Red meets Hobo Joe on a train. "He teaches Red how to jump trains and get from city to city using the transit system," laughs Mann. "It's through the trains that he and Red have a brief encounter, but it's life-changing for the teen."

"Red doesn't know the ropes of hoboing," explains Mann. "He's not a true hobo, so you can see the kid is scared to death and so Hobo Joe takes him under his wing and says 'Listen, you're gonna get beat to death by the bull if you're caught. Listen, follow me. Do as I do. Say as I say and you'll live a long life.'"

Jumping trains wasn't all that Hobo Joe teaches Red. "My golden list was something that my character's mom taught him years ago," he explains, "so every day, rain or shine, it doesn't matter, Joe is going to write what he's grateful for that day. At least 10 things he's grateful for and so he shows Red, 'Listen, you have to make your list every day.' He writes his list in the air. That's Joe's pen and pencil -- it's just in the air."

"I also gave Austin James some advice," says Mann, "because I can see this kid is going to be somebody. You can tell. He just has that gift. So I just told him, 'Watch your circle. Watch the people around you and don't get caught up in this game.'"

It was Mann's first time working with director Michael Landon, Jr. "When you're just getting on the set and just meeting somebody, you don't know what they think, but the atmosphere is good. He's a really pleasant guy.

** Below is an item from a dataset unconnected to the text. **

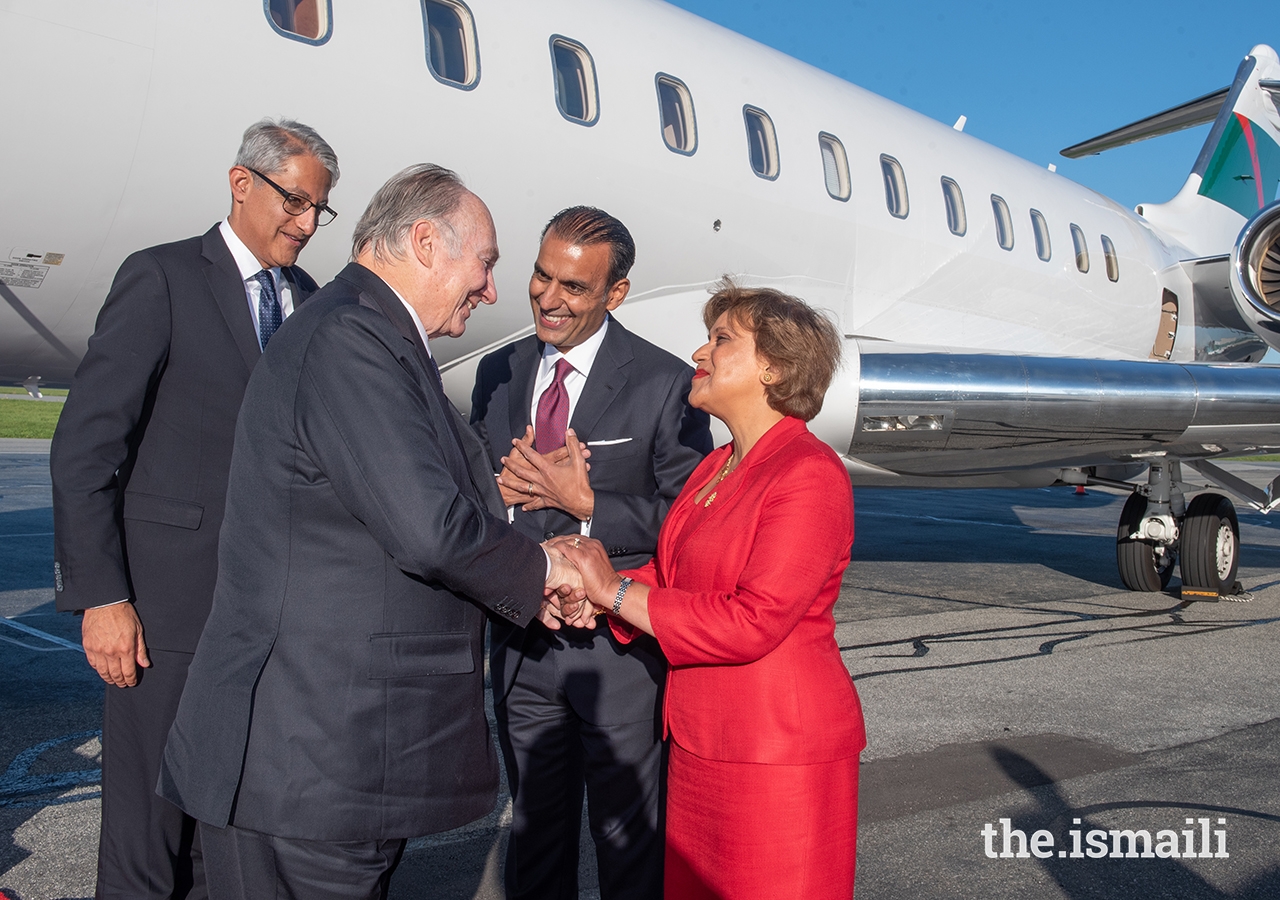 Upon his arrival in Vancouver, Mawlana Hazar Imam is greeted by Samir Manji, President of the Ismaili Council for British Columbia, and Zulie Sachedina, Chair of the International Conciliation and Arbitration Board.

And then you hear the things that people say outside of what's going on, 'Really nice guy.' You can hear the staff and the crew, 'Man's really nice.' And by just hanging out with him the couple hours that I have today, really nice."

Besides the bitter cold of the North Carolina day, Mann found that running for the train and just keeping up were his biggest challenges. "Austin almost ran me to death," he says, "I'm supposed to be running in front of him and I looked up and he's passing me and I'm like 'Wait a minute. I'm 46 and you're 19. Slow down, please.' So the challenge today has been the cold, the rain, the running."